John Moorehouse

A good editor, a good husband and father, a good man

Top Ten 2020 #3

“An evangelist with his whole mind and heart”

One of the largely unknown and unsung heroes of Catholic publishing passed away, quite unexpectedly, in December of 2020, at the age of only 51: acquisitions editor for TAN Books’ imprint St. Benedict Press, John Moorehouse, who shepherded the recent book, FINDING VIGANÒ, by ITV’s editor Robert Moynihan, through the lengthy editing and publishing process and into the hands of readers all over the world (FINDING VIGANÒ: The Search for the Man Whose Testimony Shook the Church and the World is already in its second printing).

Moorehouse went to bed early on the evening of December 4, having told Moynihan in a phone conversation the previous day that he was looking forward to spending more time with his family over the coming holidays. Minutes later he suffered a fatal heart attack; his wife Robin tried to resuscitate him while waiting for an ambulance. His daughter put a brown scapular around his neck.

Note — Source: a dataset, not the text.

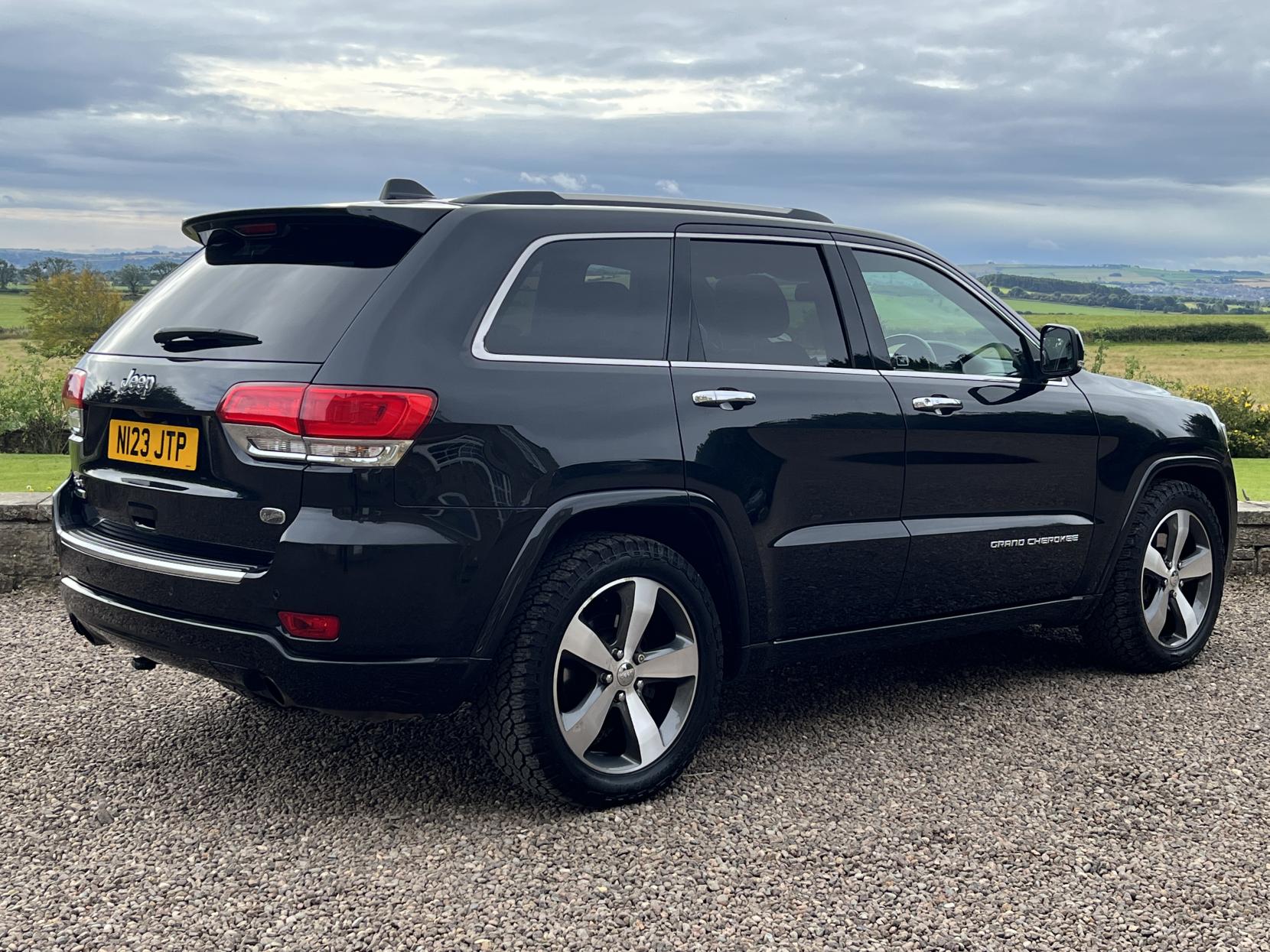 Jeep Grand Cherokee 3.0 V6 CRD Overland SUV 5dr Diesel Auto 4WD Euro 6 (247 bhp)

In a tribute to John Moorehouse in his Moynihan Letter #42, “Farewell to a Father,” Moynihan said, “John was always ‘there’ for his writers, always steady, calm, cheerful, hopeful. He was a man who assessed his writers, and then got behind them and pushed, or ahead of them and pulled, or right alongside of them adding his own shoulder’s strength to push forward the mired wheel of the empty page, always improving…

“John was an evangelist with his whole mind and heart.

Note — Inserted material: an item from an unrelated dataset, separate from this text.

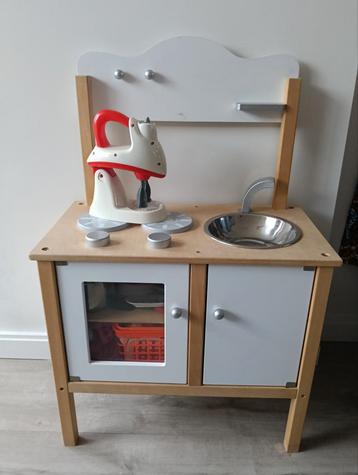 kinderkeuken beschikbaar voor biedingen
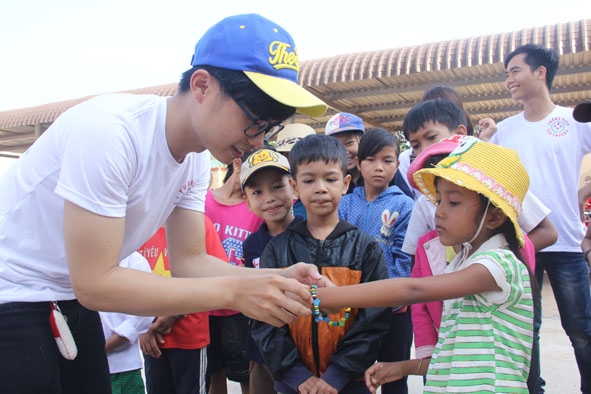 Sinh viên Khoa Y, Trường Đại học Tây Nguyên tham gia hoạt động xã hội tại huyện Buôn Đôn.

“He placed the work, the project, the product, ahead of himself.

“That very disappearance meant an even deeper and more essential presence. John’s integrity is woven throughout all of the projects we worked on together, and my debt to him is incalculable.”

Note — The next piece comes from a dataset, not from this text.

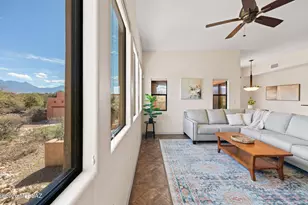 922 E Vault Mine Ct, Green Valley, AZ 85614 - Photo 11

John leaves behind Robin and five children, but also a group of Catholic authors who have found their own vision clarified and refined, their message enlivened with new inspiration and insight — all in the service of Him who was, always and unquestionably, John’s Lord and Savior. Inside the Vatican contributors Anthony Esolen, Michael Greavey and Paul Kengor, to name a few, have all collaborated with John on books and all expressed their grief at the loss of a gifted editor and man of profound faith who had also become their friend.

Dr. Esolen speaks of John’s willingness to take on true labors of love, like once publishing the now-defunct Catholic Men’s Quarterly — simply because it was “a good thing to do.”

John, he says, “regularly wrote for it too, trying to appeal to men and boys first by the good things of their nature and the nature of the world around them. So there were articles on sports, good food and drink, hunting, classic films, and work, alongside articles on prayer, the saints, life in the Church, and Christ the Lord.”

Dr. Esolen continues: “John Moorehouse was a good man, a faithful husband and father, a devout Catholic, and — what is rare enough in our time — great fun to be around. You could see it in his eyes and in the eyes of his wife and children. We sometimes met them on our way out of Mass on a Sunday evening at Magdalen College of the Liberal Arts, where I now teach, and where I hope to instruct his children as they come of age.

“And that too brings something to my mind.

“John had tremendous energy and ability and intelligence, and a willingness to take risks. He could have been the chief of a big business. He could have been living the easy and secure life of a tenured professor.

“No ambition compelled him to produce his Quarterly. He did it, and he enjoyed it, because it was a good thing to do — and a necessary thing to do.

“He did it for the good of his fellow men and for the Church.

“I could say that John did much with small resources,” said Esolen, “but it may be truer to say that the God who governs even in a grain of dust, who resists the proud and dwells with the humble, works miracles by those who hold to His truth, whatever their resources may be, even while the colossi crumble to dust.

“Eternal rest grant unto him, O Lord, and let perpetual light shine upon him.”